The guy seems to think women don’t choose STEM mostly for the work. The truth is most women don’t choose STEM, because of what you hear about that ‘boys club’ behaviour towards female colleagues. Like that guy who complained that he can’t work with women around, because they’re distracting. Like ignoring and belittling female colleagues. Like that other guy who thought that during a panel at a science conference he should explain her work to a female colleague in front of all (and who was only stopped by a woman from the audience calling him out and telling him to shut up and let her talk, because the host was actually not up to his job). Women hear these stories and decide not to go into science, technology, engineering, or mathematics. They have what we usually call a sense of self-protection. They are ready to work long hours and devote their life to STEM, they’re just not willing to do it in an atmosphere in which they will constantly be challenged, overlooked, harassed, or belittled. Personally, I can’t find a fault with that decision, but it makes things worse for the few who are brave enough. With more women coming into the field, they could form alliances to protect themselves and fight back. One woman is easily belittled or harassed, a group can stand up to those doing the belittling and harassing a lot better.

Society starts early to teach kids, boys and girls alike, what they should strive for. It teaches boys to be competitive and girls to be ready to compromise. It teaches boys that they need to work hard in their future chosen field and girls to look out for those hard-working boys so they can marry the right guy. It tells stories about the prince rescuing the princess, but few stories about the princess saving her prince (and those stories so far haven’t been picked up by Disney for large feature films). It tells girls to be ‘nice’ (which does not include talking loud, being decisive, and telling a guy to go to hell for bothering them) and boys that ‘boys will be boys’ when they’re doing something wrong. You know, like telling a talk-show host behind the scenes that when you’re rich, you can grab them all by the pussy.
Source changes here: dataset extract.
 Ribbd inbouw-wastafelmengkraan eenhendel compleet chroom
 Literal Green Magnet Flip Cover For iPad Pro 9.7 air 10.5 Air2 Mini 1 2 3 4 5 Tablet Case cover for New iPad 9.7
Society also tells girls how boys are better at science and maths and that they shouldn’t, in essence, burden their pretty head with such stuff. Girls with an interest in the STEM field have to fight an uphill battle from early on, many tire at some point, give in, and go into other jobs. Teachers will not recognize their interest or ability, but still prefer the boys. Boys will make fun of them, girls will make fun of them. Relatives might tell them that it’s not what a girl does, that they should develop a more appropriate interest. So some give in during school. Some give in during college, when things become even worse in male-dominated classes where they are ridiculed or simply ignored. Some give in once they’re out of college and looking for work, only to find themselves cast aside for men who might not have better marks, but are in possession of a penis and a Y chromosome. The boys club does protect its members well - just as similar clubs in field like the law or high-level business positions. Few go into the fields, usually stranded in a low-level position, ignored by their superiors who’d rather promote a guy - because we all know all women will drop out and found a family sooner or later. Or for some similarly stupid reason - few of those superiors will admit that they do it, because they believe that a man is better suited, even if evidence at hand suggests something else.

So, yes, there’s fewer women in the STEM field and as long as the perception of a female scientist, technician, engineer, or mathematician doesn’t change, that won’t change much, either. There are quite some women who do not strive for a family (including those who get themselves sterilized at 20 these days - I wish I would have gotten that chance myself). There are as many intelligent women as there are intelligent men. Women have been computers in the past (NASA even had their female computers check the results of the first electronic computers for possible mistakes), they can do numbers. A woman wrote the first programming language of the world - for a machine which didn’t even exist (check Ada Lovelace).